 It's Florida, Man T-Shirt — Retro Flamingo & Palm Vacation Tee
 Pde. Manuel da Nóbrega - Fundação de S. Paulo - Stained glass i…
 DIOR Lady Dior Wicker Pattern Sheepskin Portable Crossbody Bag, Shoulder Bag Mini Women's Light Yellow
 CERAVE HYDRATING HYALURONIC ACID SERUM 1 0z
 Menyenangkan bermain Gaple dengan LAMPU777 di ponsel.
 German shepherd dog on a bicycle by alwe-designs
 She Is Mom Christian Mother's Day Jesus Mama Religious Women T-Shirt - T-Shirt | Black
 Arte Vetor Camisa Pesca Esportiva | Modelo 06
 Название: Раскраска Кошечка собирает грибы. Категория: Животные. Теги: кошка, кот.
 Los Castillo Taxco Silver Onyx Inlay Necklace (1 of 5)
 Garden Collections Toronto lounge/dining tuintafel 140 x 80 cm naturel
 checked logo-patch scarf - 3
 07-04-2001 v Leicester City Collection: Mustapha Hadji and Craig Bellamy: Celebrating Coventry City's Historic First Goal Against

__ABOUT THIS TASK__
From the line that has "German shepherd dog" through the line that has "Garden Collections Toronto", copy every line exactly as it appears above, and leave out all others.

__TASK SOLUTION__
 German shepherd dog on a bicycle by alwe-designs
 She Is Mom Christian Mother's Day Jesus Mama Religious Women T-Shirt - T-Shirt | Black
 Arte Vetor Camisa Pesca Esportiva | Modelo 06
 Название: Раскраска Кошечка собирает грибы. Категория: Животные. Теги: кошка, кот.
 Los Castillo Taxco Silver Onyx Inlay Necklace (1 of 5)
 Garden Collections Toronto lounge/dining tuintafel 140 x 80 cm naturel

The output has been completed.